SitePoint Sponsor

User Tag List

Results 1 to 7 of 7
  1. #1
    SitePoint Member
    Join Date
    Oct 2012
    Posts
    20
    Mentioned
    0 Post(s)
    Tagged
    0 Thread(s)

    Unhappy Worried my site's not using redirects properly.

    I've been doing a lot of research on 301 (permanent) redirects, and use of the rel=canonical tag, and I'm a little concerned my site's not doing a good job, and hence susceptible to duplicate content problems.
    Check out this 301-redirect checker: http://www.ragepank.com/redirect-check/ and type in my site's URL: jobstr.com

    All 22 of those URLs are returning a 200 (OK) message, when (unless I'm mistaken), only ONE of them should, right? Is this a problem?
    But also weird is that of those 22 URLs, nearly all of them just link to "Page Not Found" pages on Jobstr, see: http://jobstr.com/index.htm

    If they're going to Page Not Found pages, why don't those redirect checkers return a 404 code???

  2. #2
    Twitter: @TimIgoe silver trophy TimIgoe's Avatar
    Join Date
    Feb 2005
    Location
    Blackpool, UK
    Posts
    1,058
    Mentioned
    27 Post(s)
    Tagged
    1 Thread(s)
    It looks like the CMS you are using, is returning a 200 and a 'page' for a 404, rathr than returning the actual 404 http status code.

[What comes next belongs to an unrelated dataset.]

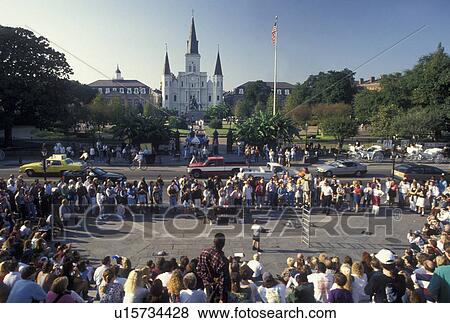 New Orleans, LA, street artist, French Quarter, Louisiana, Crowd gathers to watch a street artist at Washington Artillery Park in New Orleans. View Large Photo Image Stock Photo - New Orleans, LA, street artist, French Quarter, Louisiana, Crowd gathers to watch a street artist at Washington Artillery Park in New Orleans. . Fotosearch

    http://jobstr.com/timtest.html for example, and use a test tool like Firebug / Chrome's web dev tools to see traffic.

  3. #3
    Certified Ethical Hacker silver trophybronze trophy dklynn's Avatar
    Join Date
    Feb 2002
    Location
    Auckland
    Posts
    14,672
    Mentioned
    19 Post(s)
    Tagged
    3 Thread(s)
    d66,

    The 404 response code is the server's response to a "file not found" error. However, if the CMS is redirecting to its own 404 script, then the server is finding that script (the CMS's index.php - surprise!) and serving it with the obligatory 200 response code. In other words, the CMS is handling the "file not found" error internally and the server is operating correctly.

    Regards,

    DK
    David K. Lynn - Data Koncepts is a long-time WebHostingBuzz (US/UK)
    Client and (unpaid) WHB Ambassador
    mod_rewrite Tutorial Article (setup, config, test & write
    mod_rewrite regex w/sample code) and Code Generator

  4. #4
    Utopia, Inc. silver trophy
    ScallioXTX's Avatar
    Join Date
    Aug 2008
    Location
    The Netherlands
    Posts
    9,097
    Mentioned
    153 Post(s)
    Tagged
    2 Thread(s)
    Quote Originally Posted by dklynn View Post
    In other words, the CMS is handling the "file not found" error internally and the server is operating correctly.
    I disagree. If there is no content interesting to humans and/or search engines on a given URI (i.e., a custom 404) page, the server must also return a HTTP status 404 to reflect this. The 404 status response is the main way to indicate to search engines that the content that could (maybe) be found previously on a URI is not /no longer there. Without 404 it would just keep all sites it ever found in it's index, regardless if the content is still there or not (okay, there is a concept called "soft 404", which does use HTTP status 200, but I don't want to get in to that.)
    The fact there is a file to serve that content and that that file was found is completely irrelevant. So no, I don't think is the server is working correctly, it must send 404 not found headers on those pages.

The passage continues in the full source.